The Canadian oil and gas industry looks very positive over the next five years, but a CAPP report warns there's always the potential for economic trauma.

April 7, 2011   by PLANT STAFF

CALGARY: Outwardly prospects for the Canadian oil and gas industry looks great over the next five years, but a report by an energy equity firm warns there is always the potential for economic trauma “in this acutely capital-intense, competitive business.”

Turmoil and Renewal: The Fiscal Pulse of the Canadian Upstream Oil and Gas Industry – A Five-Year Review and Outlook, projects the upstream oil and gas industry will generate an estimated $115 billion in annual revenue, $20 billion in royalties, land sales and taxes, and $50 billion of investment into infrastructure and jobs in 2011. And companies are expected to generate more than $600 billion in sales over the next five years.

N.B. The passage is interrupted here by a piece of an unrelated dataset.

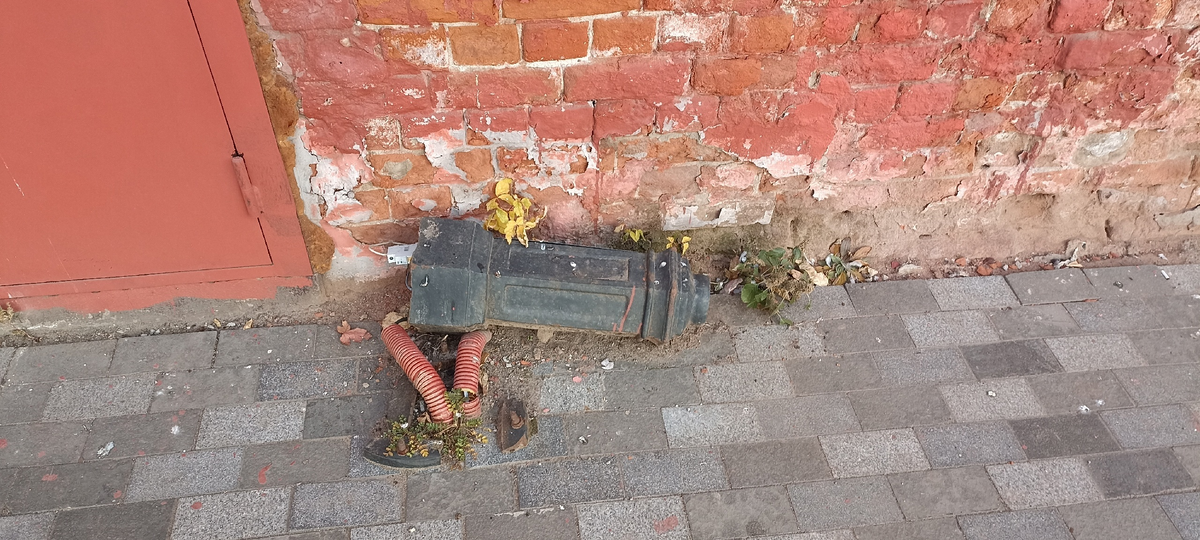 Фото автора. Иркутск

“But aches, pains and vulnerabilities are still to be found beneath the collective veneer of multi-billion dollar financial statements – on the natural gas side of the industry, for example,” said Peter Tertzakian, chief energy economist of ARC Financial Inc.

ARC’s analysis, commissioned by the Canadian Association of Petroleum Producers (CAPP), covers major trends and changes in capital flow over the past five years, with implications projected to 2015.

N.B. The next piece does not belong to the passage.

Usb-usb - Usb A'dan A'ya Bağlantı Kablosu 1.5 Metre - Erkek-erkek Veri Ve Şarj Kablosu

It shows the industry’s revenue stream is relying less on gas, and is on a path to become 80% reliant on oil by 2015. Five years ago the oil/gas mix was a more balanced 55/45.

The report says for the benefit of all stakeholders, maintaining financial health amid the many challenges will require industry and government to work doubly hard on key issues that can’t be addressed by either side independently.

Critical issues include accessing skilled labour, preserving the environment and reaching out to new global markets for both oil and natural gas. The report says embracing new technologies, processes and strategies will be paramount for companies seeking insulation from rising costs, environmental pressures and competitive threats.

It notes profits are likely to rise but not always profitability.

“How well the industry copes with many internal and external challenges to profitability, including volatile commodity prices, will determine whether value will be created and whether an expected $55 billion a year will continue to be invested back into Canada over the course of the decade,” says ARC Financial.

The Calgary-based ARC said multiplicative effect of the dollars circulating in Canada’s economy means the stakes for ensuring a healthy oil and gas industry are high for all Canadians.